问题
text="stack overflow... is a popular website."
I want to separate punctuation marks from words. The output should be:
"stack overflow ... is a popular website . "
Of course, the command gsub("\\.", " \\. ", text, fixed = FALSE)
returns:
"stack overflow . . . is a popular website . "
because it does not differentiate between periods and ellipsis (suspension points).
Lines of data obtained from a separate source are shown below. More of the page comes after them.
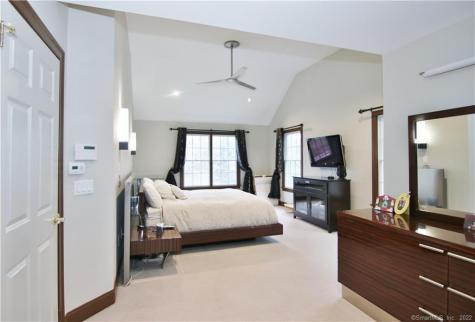 37 West Rock Trail Stamford CT 06902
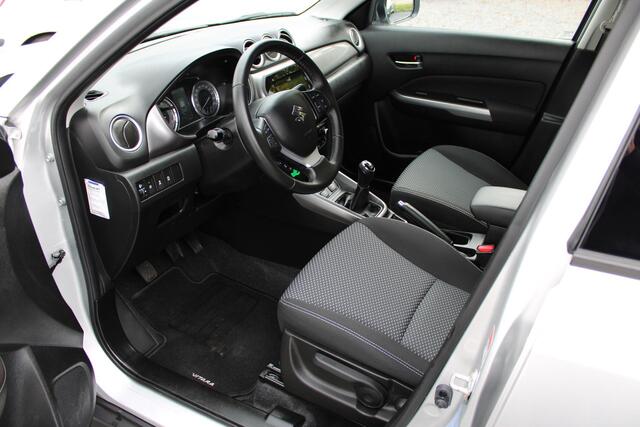 Suzuki VITARA 1.0 Boosterjet Select , Trekhaak, 1e Eig, en MAAR 34000 km!!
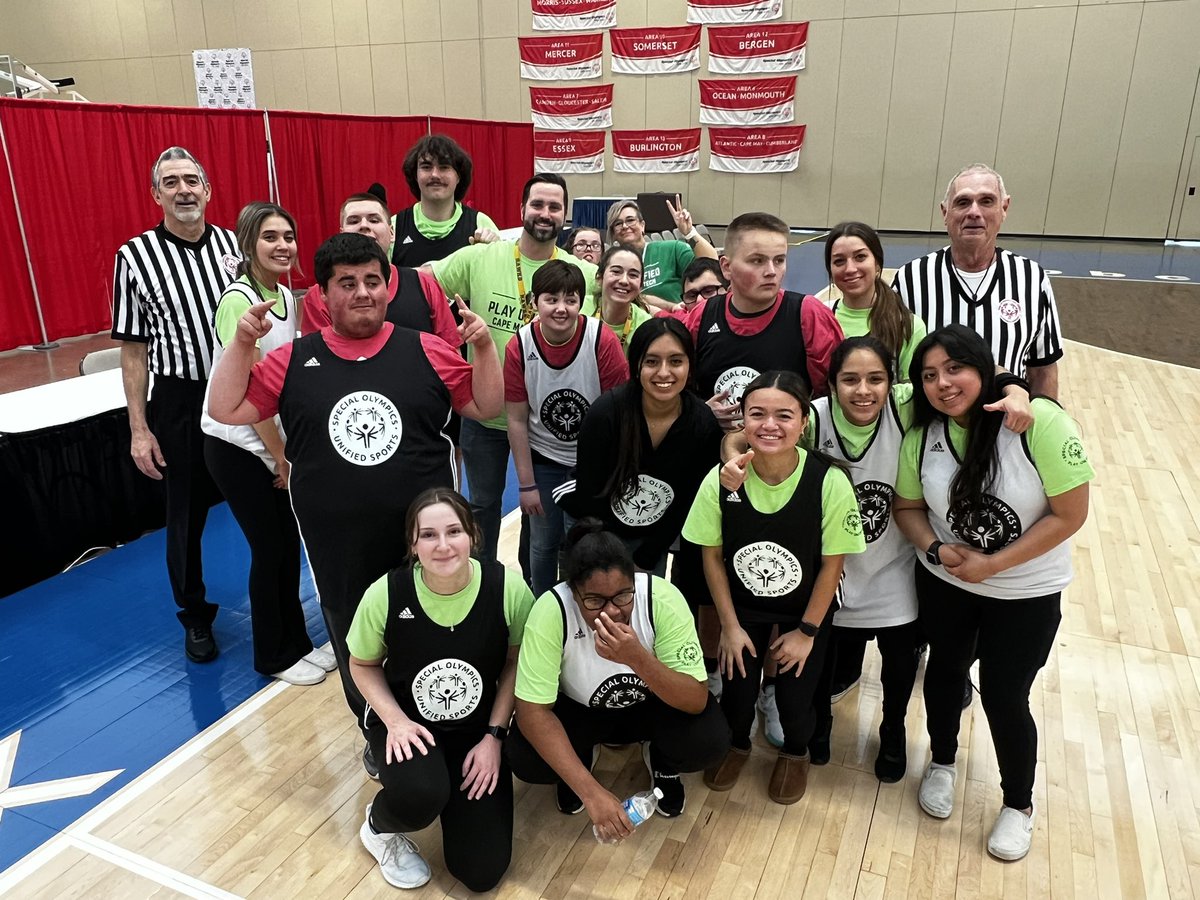 SonjUcs's tweet image. Kicking off @SONewJersey #springgames with Unified Games Day and #lunchwithlynch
In short, when three periods are found together in the text, R should consider them as a single punctuation mark.
回答1:
I think a non-lookaround approach will be more efficient and readable:
text="stack overflow... is a popular website."
gsub("*[[:space:]]*(\\.+)[[:space:]]*", " \\1 ", text)
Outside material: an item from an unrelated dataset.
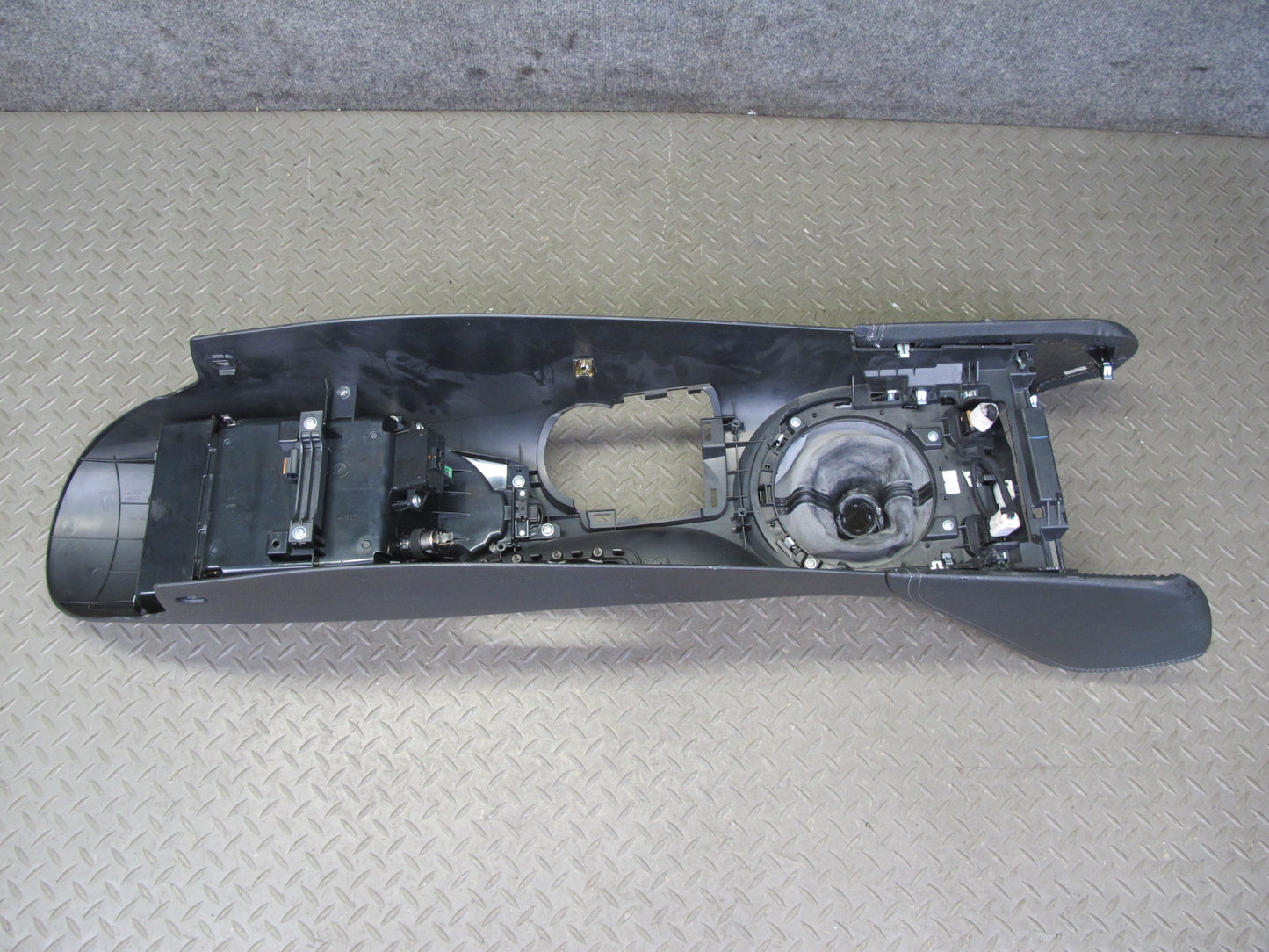 10-17 Nissan 370Z Z34 M/T Coupe Front Center Console Trim Cover Panel Black OEM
## => [1] "stack overflow ... is a popular website . "
See IDEONE demo
I updated the post since the space is required before and after the punctuation.
The [[:space:]]*
around the (\\.+)
match zero or more whitespace and the (\\.+)
will match one or more periods. The (...)
form a capturing group whose value is stored in a numbered buffer #1 that we can access using the \1
backreference from the replacement pattern. So, \1
is replaced with the periods captured by the pattern. Capturing is more efficient than using lookarounds since there is no overhead of checking text before/after the current position.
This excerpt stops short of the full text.